COLLECTED DATA:
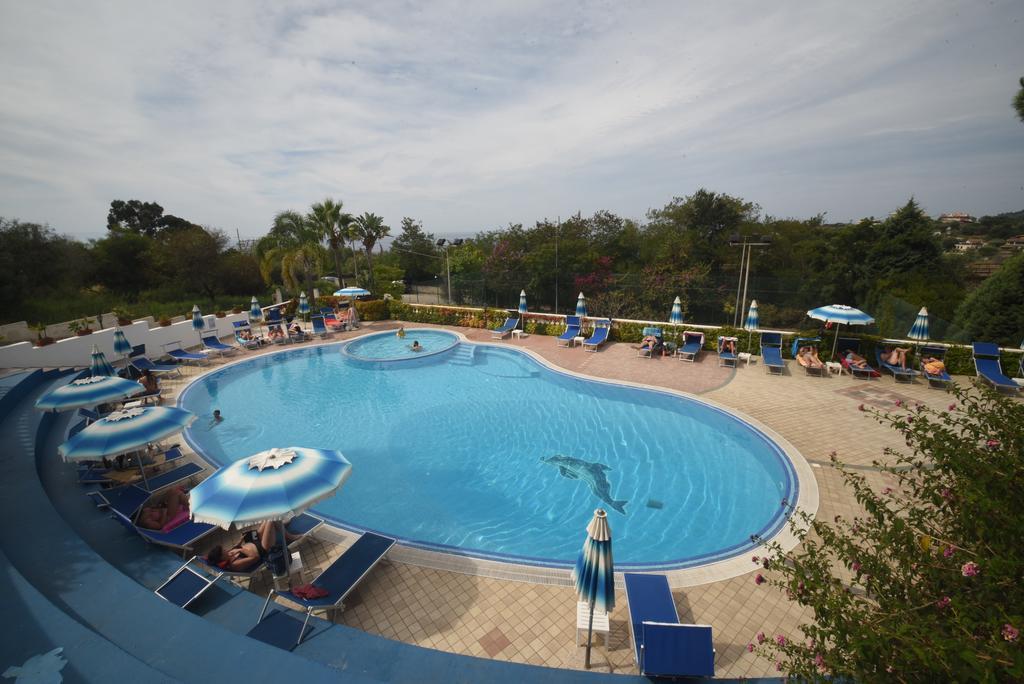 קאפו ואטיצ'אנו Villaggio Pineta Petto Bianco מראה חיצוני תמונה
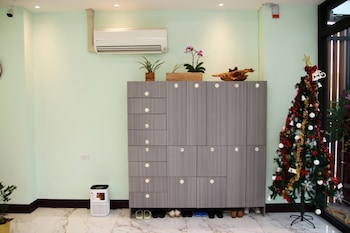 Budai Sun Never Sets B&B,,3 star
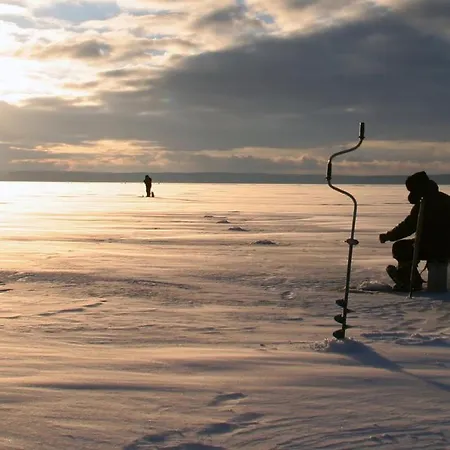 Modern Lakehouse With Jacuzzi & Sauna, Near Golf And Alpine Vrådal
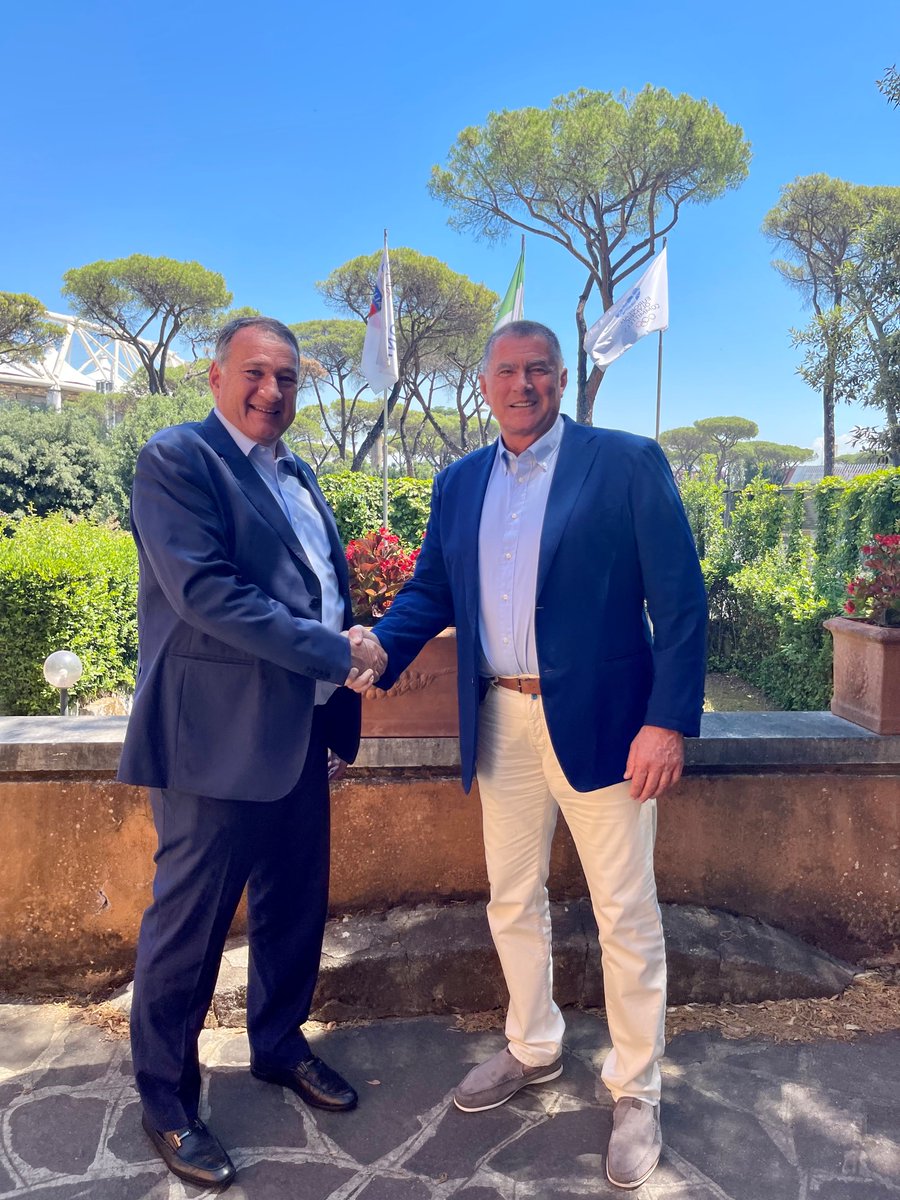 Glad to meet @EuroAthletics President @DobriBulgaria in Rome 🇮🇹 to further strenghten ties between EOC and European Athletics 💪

WHAT YOU WILL DO: What is needed is the listing above, repeated verbatim, without its images.

RESPONSE TO THIS TASK:
 קאפו ואטיצ'אנו Villaggio Pineta Petto Bianco מראה חיצוני תמונה
 Budai Sun Never Sets B&B,,3 star
 Modern Lakehouse With Jacuzzi & Sauna, Near Golf And Alpine Vrådal
 Glad to meet @EuroAthletics President @DobriBulgaria in Rome 🇮🇹 to further strenghten ties between EOC and European Athletics 💪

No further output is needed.